テスラは利益が市場予想を15.87%上回る「サプライズ」となったが、株価は下落した。水曜日の終値から木曜日の寄り付きにかけて、最初の1時間足(1時間ごとの値動きを示すチャートのローソク足)は約4.86%下げた。
その後、株価は1株当たり約373ドル近辺で、前日比でおよそ3.4%〜3.7%安で引けた。四半期決算そのものよりも、「今後の見通し」で支出増を示したことが主因となった。
支出増が株価反応を主導
テスラは今年の設備投資(工場・機械・ITなどに投じる投資額)を約250億ドルと見込み、従来の見通しより約50億ドル上積みした。支出は、Cybercab(自動運転向けの新車種構想)、ロボタクシー(自動運転で有償運行するタクシー)、Optimus(人型ロボット)、AIおよびロボティクスの基盤(計算設備・データ・ソフトなど)に関連する。
会社側の見通しでは、これらのプロジェクトが2026年末までフリーキャッシュフロー(事業で稼いだ現金から設備投資などを差し引いた、手元に残る現金)を圧迫し得ると示された。これにより、当面のコスト負担、進捗のタイミング、現金創出力への懸念が強まった。
1時間足では、株価は1H 50 EMA帯(50期間の指数移動平均線。直近の価格をより重視して平均を出すトレンド指標)の下にある。さらにボリンジャーバンド(価格の変動幅を統計的に示す帯)を1標準偏差で用いている。約410ドルと約338ドルを起点にしたアンカードVWAP(特定の起点からの出来高加重平均価格。取引量を加味した平均取得コストの目安)は、約391ドル付近の上値の重さ(抵抗)と重なる。
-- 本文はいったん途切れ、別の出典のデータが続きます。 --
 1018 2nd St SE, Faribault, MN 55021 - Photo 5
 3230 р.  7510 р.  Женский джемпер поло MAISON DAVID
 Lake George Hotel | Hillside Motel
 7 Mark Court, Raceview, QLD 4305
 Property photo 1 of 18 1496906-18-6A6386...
上値抵抗は377.74ドル、約382ドル、385〜387ドル地帯で、より広い上限は約391ドル。下値の支え(サポート)は363.12〜368ドル付近で、ここを割り込むと約338ドル方向への下げリスクがある。
弱気バイアスとオプションの構え
市場は、テスラの利益上振れが「本当の材料ではない」と明確に示した。焦点は支出増と、2026年末までのフリーキャッシュフロー見通しの弱さに移っている。こうしたファンダメンタルズ(企業の稼ぐ力や財務などの基礎条件)の圧力から、今後数週間は慎重〜弱気寄りの姿勢が妥当だろう。
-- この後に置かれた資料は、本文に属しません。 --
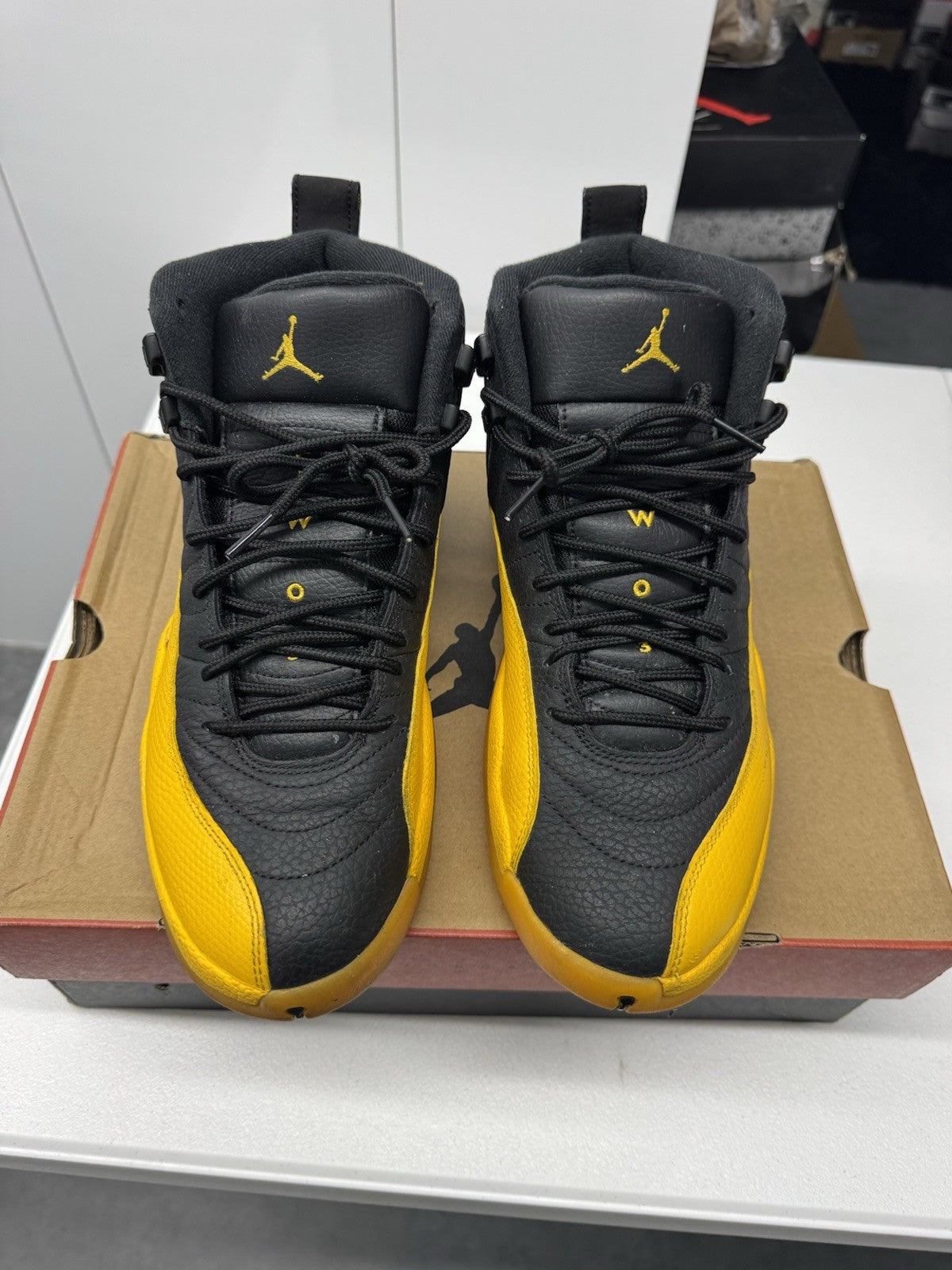 Air Jordan 12 Retro Men's Size 9 University Gold Sneakers 130690-070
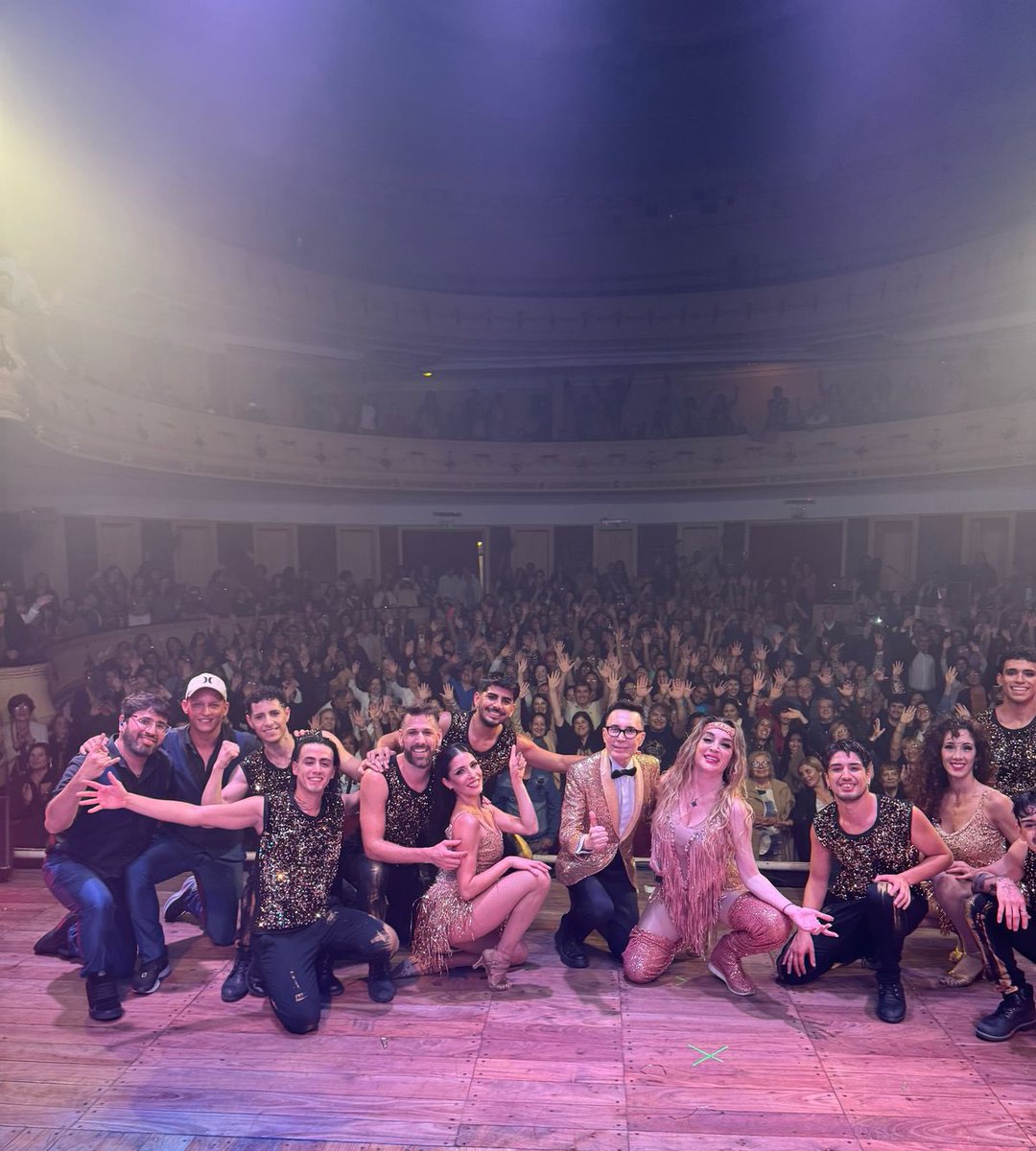 #Tours2025 Así arrancamooos!🤩🙌
<a href="/fatimaflorez/">Fatima Florez</a> 🤍 #Zarate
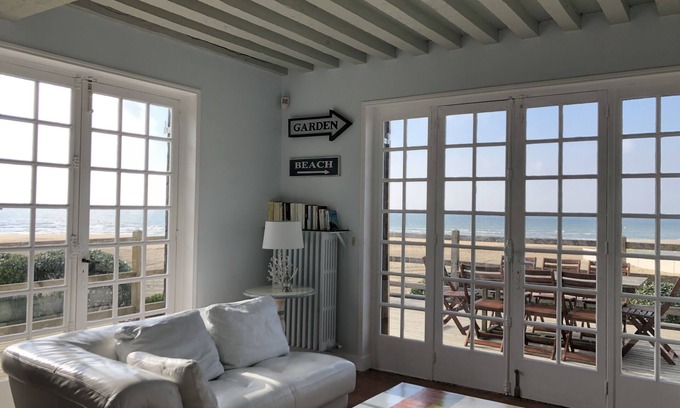 Benerville-sur-Mer House | Typical Norman house on the beach - sea view - big garden - perfect location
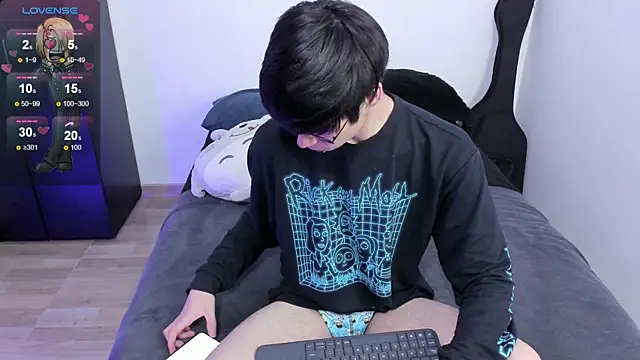 Snapshot of Aventure_Twinks chatting on March 23, 2025, 4:05 am Aventure Twinks online show from March 23, 2025, 4:05 am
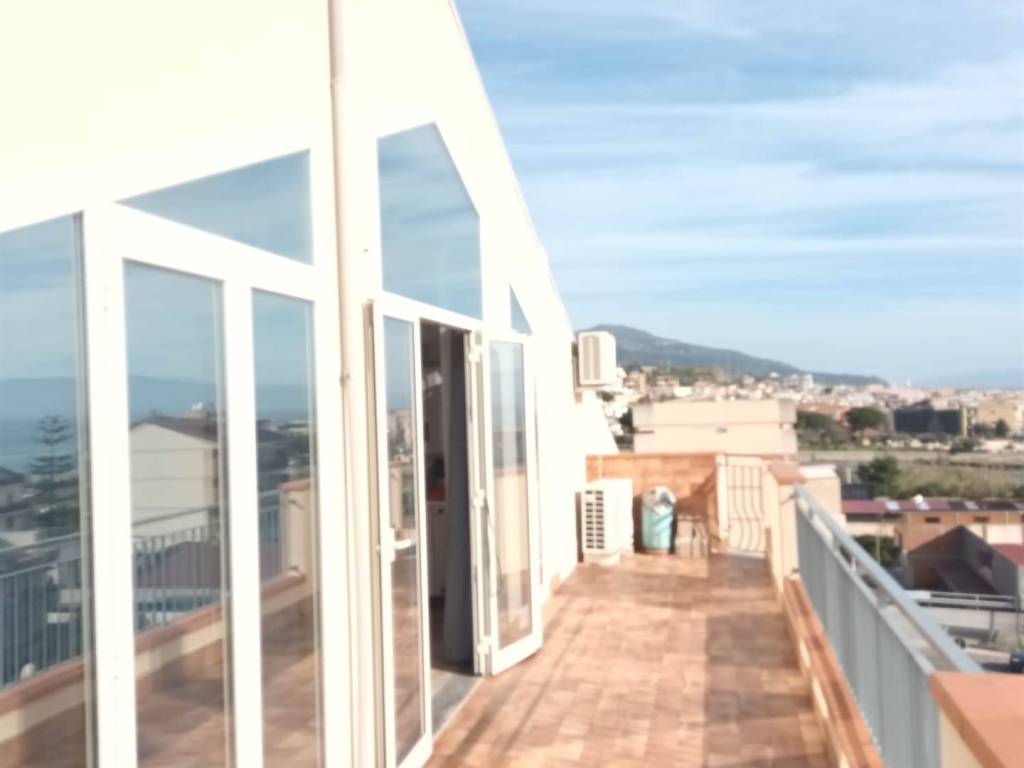 appartamento in vendita a Santa Teresa di Riva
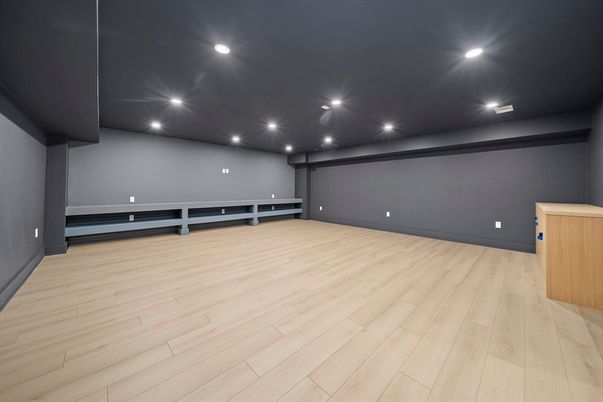 Empty room, Interior, Recessed Lighting, Wood Texture Flooring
この状況では、プットオプション(将来、一定価格で売る権利)を買う、またはベア・コール・スプレッド(上昇しにくい前提で、コールを売って別のコールを買い、損失を限定しつつ受取プレミアムを狙う戦略)を組む、といった手法が有効になり得る。テクニカル(価格・出来高に基づく分析)では385〜391ドルに強い上値抵抗があり、同ゾーンでコールを売る発想は合理的だ。コール売りはプレミアム(オプションの受取価格)を得られ、悪材料の見通しを市場が織り込む間の収益機会になり得る。
マクロ環境も慎重姿勢を支える。2026年3月のCPI(消費者物価指数。物価上昇率の代表指標)は3.1%となり、市場予想より強め(インフレが高め)で、FRB(米連邦準備制度理事会)の利下げ期待が後ずれした。金利が高い環境は、将来利益への期待が株価に反映されやすい成長株には逆風になりやすい。
株価の変動率も決算イベント後に低下しており、足元ではオプションが相対的に買いやすくなっている。VIX指数(S&P500の予想変動率を示す「恐怖指数」)が18前後で推移している点からも、市場には一定の警戒感が残る。重要なサポートを割り込めば下げを加速させ得る一方、インプライド・ボラティリティ(オプション価格に織り込まれた予想変動率)が低下した局面は、プット購入のリスク・リターンが改善しやすい。
注目する主なサポートは363〜368ドル。ここを維持できなければ、直近安値の338ドル付近が視野に入る。363ドル割れは下落トレンドの次の局面入りのサインとみなしやすく、権利行使価格(ストライク)350ドルや340ドルのプットが選択肢になり得る。
株価が391ドルの抵抗を明確に回復しない限り、戻りは下落トレンド中の反発(調整)として扱うべきだ。385ドル近辺への戻りは、弱気ポジションの追加や新規構築の機会と位置づけたい。市場はAIとロボティクスへの投資が収益に結び付く「証拠」を求めており、それが見えるまでは短期の費用増を嫌気して株価が押されやすい。